The proposed work addresses the critical challenge of inefficient sampling in diffusion models via a very clever and novel probabilistic masking approach. The formulation and inference are elegant and impressive.
The experiment settings and results are solid. It's impressive to see the proposed work can achieve state-of-the-art performance in time series imputation and image synthesis with 5-20% of steps, and enables efficient step-compression of large diffusion models through one-epoch.
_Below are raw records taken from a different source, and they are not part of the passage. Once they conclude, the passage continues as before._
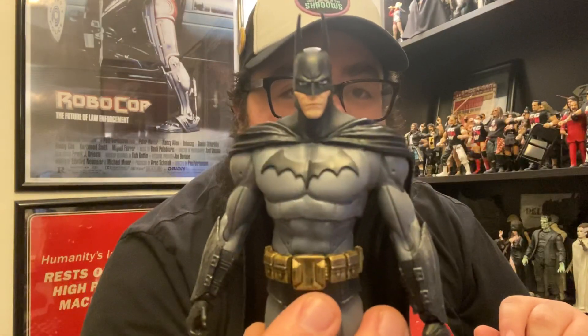He looks really good outside of the box. One thing I've noticed just opening it is that the face is a separate piece — it's like a face plate. It would have been cool if McFarlane had done changeable face plates. I also like the weathering on the belt, and I really like the floating articulation.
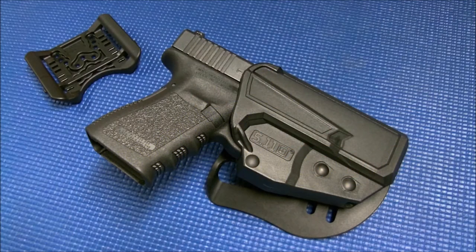What's up guys, TacticalSweet here with another tabletop review, this time the excellent 5.11 thumb drive holster. Let's get in it.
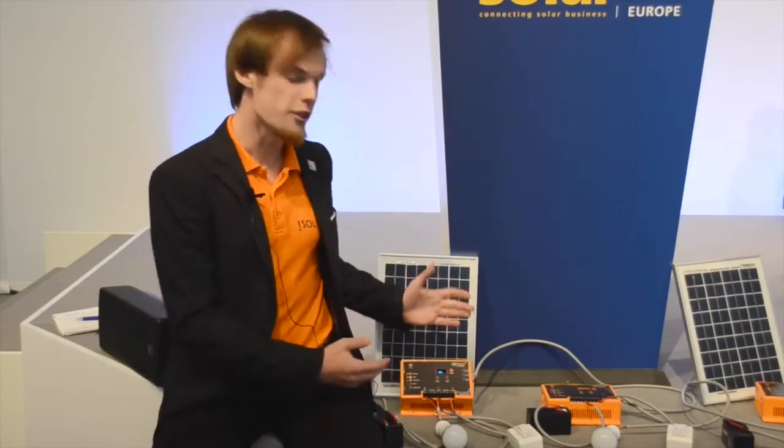Die Abrechnung funktioniert folgendermaßen: Wir haben auf der Solbox eine kleine Anzeige, wo das aktuelle Guthaben angezeigt wird. Ähnlich wie bei einem Prepaid-Handy sinkt das Guthaben, wenn man den Service in Anspruch nimmt. Wohingegen, wenn man einspeist — also wenn man Strom an seinen Nachbarn verkauft — dann steigt das Guthaben.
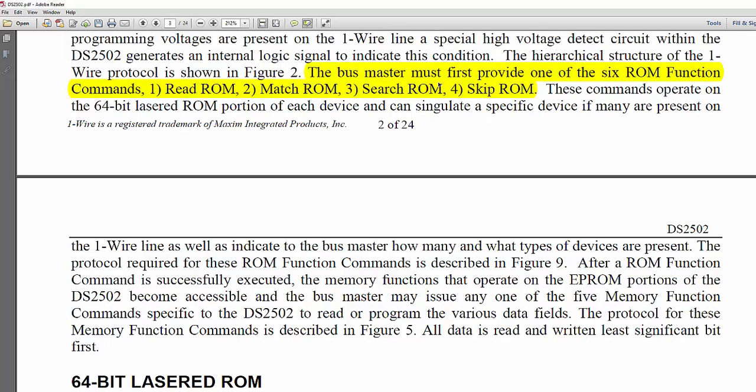You can see here that it says the bus master must first provide one of the six ROM function commands. After a ROM function command is successfully executed, the memory functions that operate on the EPROM portions become accessible.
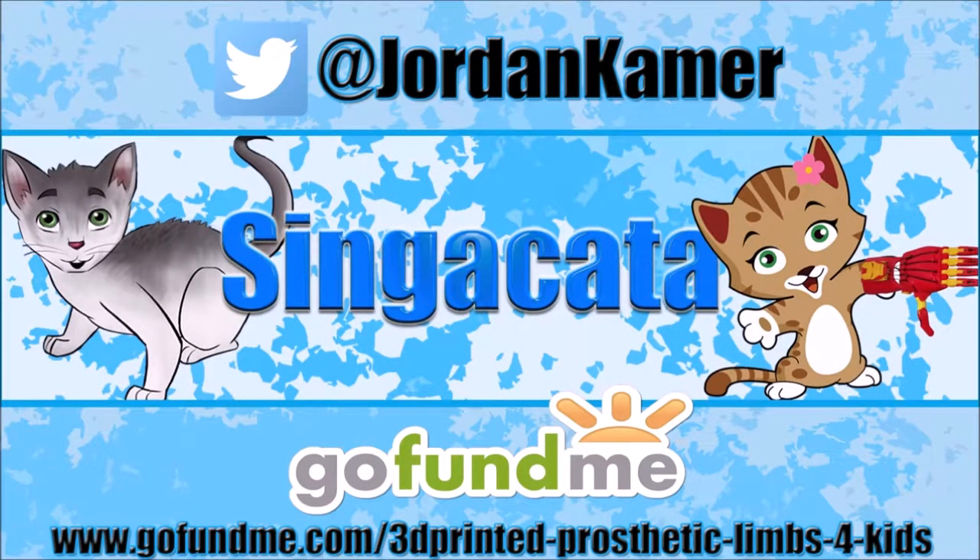Be sure to follow my Twitter and check out my GoFundMe campaign to help raise money to 3D print prosthetic limbs for kids. Links in the description below.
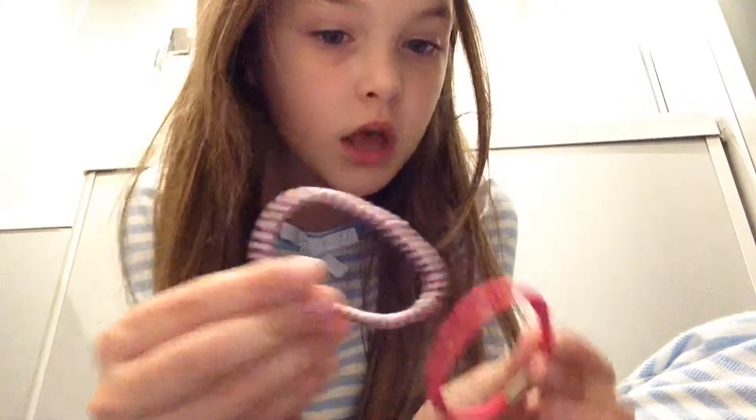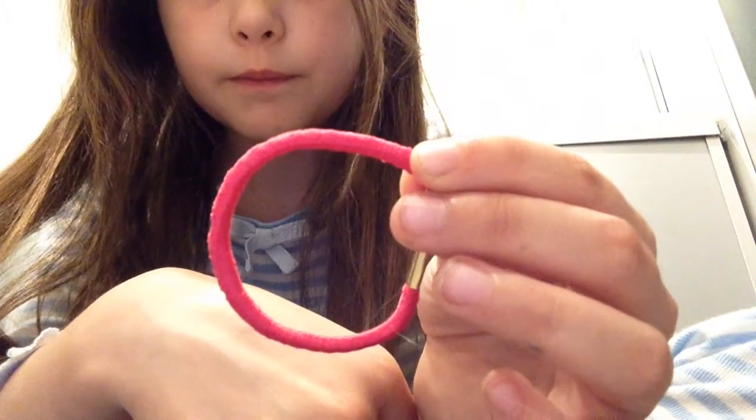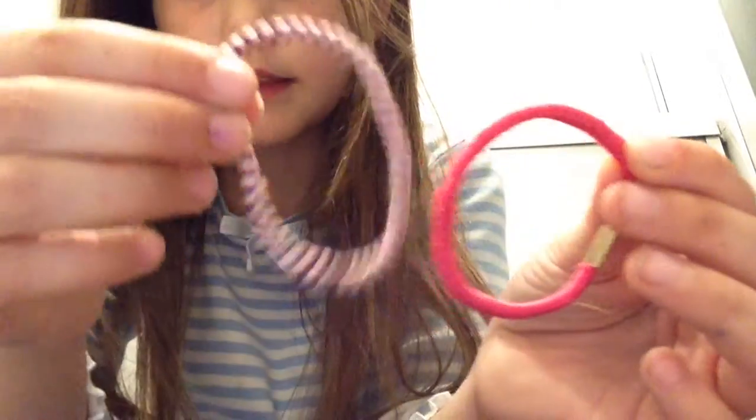First, all you need is basically two different hair bubbles that look super different. I have a blending one and then this like rainbow one.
The presentation is also clear and easy to follow.

缺点

The policy-gradient-based update for the prob masking is more like reinforcement learning, rather than the Bayesian variational inference. As the classical VI-based update is also feasible for inferring the Bern distribution, more discussion is encouraged on why adopting the policy-gradient-based update.
For the constrain $K$ of the total step, can the "Gradually Increasing Masking Rate" trick guarantee theoretically that the final learned step is constrained by $K$ ? My understanding is it controls the prob $p$ of the Bern distribution and the final steps are based on the random samples. Also, it's not very clear to me why the learned $s$ is doomed to be almost 0 or 1 . The L1 constraint can do it for sure. However, it seems the training procedure doesn't include the L1 constraint explicitly, but uses the "Gradually Increasing Masking Rate" trick. Clarification on these points is encouraged.
There are some typos and missing things that should be fixed. For example:

The statement under equation 11, "we can estimate the gradients of $\nabla_{\mathbf{s}} \Phi(\theta, \theta)$ "- should it be $\nabla_{\mathbf{s}} \Phi(\theta, s)$
The equation 12, what's the meaning of $e_1$ ?

问题

See weakness

评论- Response to Reviewer 1NMC

2023-11-16

Thanks for your constructive comments.

Q1: The policy-gradient-based update for the prob masking is more like reinforcement learning, rather than the Bayesian variational inference. As the classical VI-based update is also feasible for inferring the Bern distribution, more discussion is encouraged on why adopting the policy-gradient-based update.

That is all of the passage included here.